Among the most common tax planning tips are:

1. Buying a property for cash, and then taking a mortgage if you want to use the money for investment purposes.

The mortgage interest then becomes tax deductible. If however, you take out the mortgage to purchase the property first, you cannot deduct the interest for tax purposes.

Depending on the mortgage structure, e.g. a traditional mortgage versus a secured line of credit, there are a number of variations on this theme and competent, knowledgeable, financial advice is a must.

2. The “Smith Manoeuvre”

The work of Frazer Smith from Victoria, British Columbia. The process is explained in his book: “Is Your Mortgage Tax Deductible.” It’s a Canadian wealth strategy to structure your mortgage so that it becomes tax deductible.

In the United States mortgage interest is tax deductible (although there are tax implications upon selling depending on the circumstances).
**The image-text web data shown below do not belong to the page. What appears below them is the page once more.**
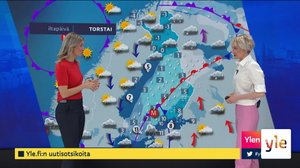 Sääennuste klo 7.40: 14.11.2019 07.52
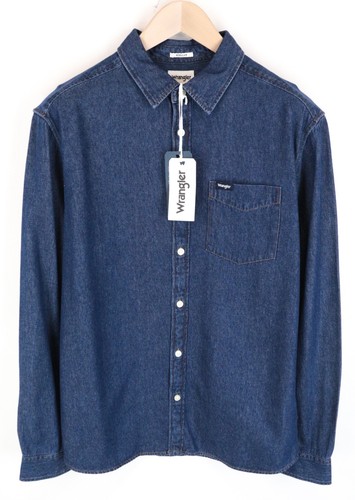 Chemise manches longues rayée en lin BLEU FONCE pour homme PREMIUM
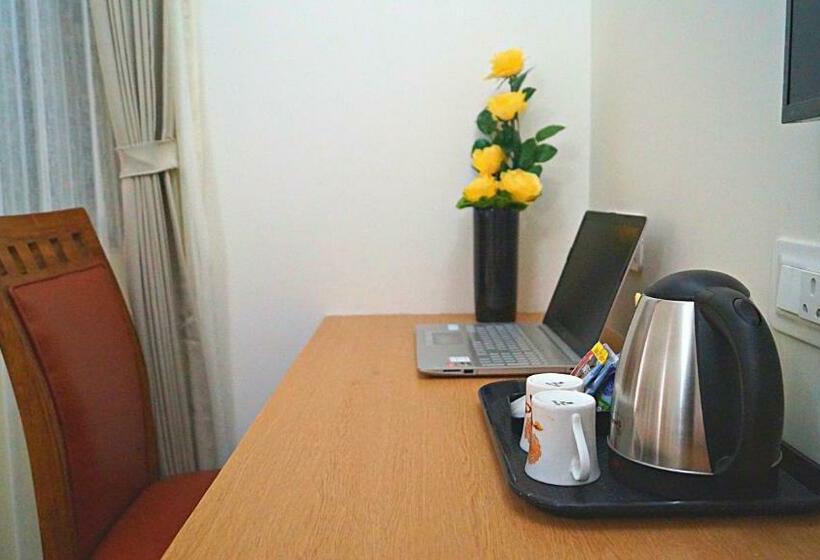 디럭스 룸, Shrigo Hotel Gangtok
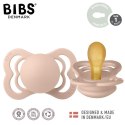 BIBS SUPREME BLUSH S Smoczek symetryczny kauczuk Hevea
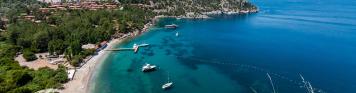 Türkei Berge, Meer, Strand Türkei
The Smith Manoeuvre is designed to provide Canadians with a similar advantage.

If you borrow money for investment purposes, such as equities or property, you can deduct the annual interest paid on the loan from your income tax.

Now the twist in the tale, so to speak, according to Frazer Smith’s approach, is that you borrow against the equity in your home as a traditional mortgage or line of credit. You then invest these funds in income producing vehicles, using the tax return from the deduction to further pay down your mortgage.

You continue doing this until your mortgage is completely paid off leaving you with a considerable investment portfolio and, of course, an investment loan. Your mortgage has now become an investment loan which is tax deductible and depending on a variety of conditions, beyond the scope of this introduction, your new portfolio is now larger than your loan.

This information is presented here for information purposes only and, as with any such information you should consult a financial advisor before implementing such a plan. There are numerous articles written about The Smith Manoeuvre, both pro and con, and these can be easily found on the internet.

Please note that I do not have any association with Frazer Smith, and present this brief introduction as it may be of interest to my clients.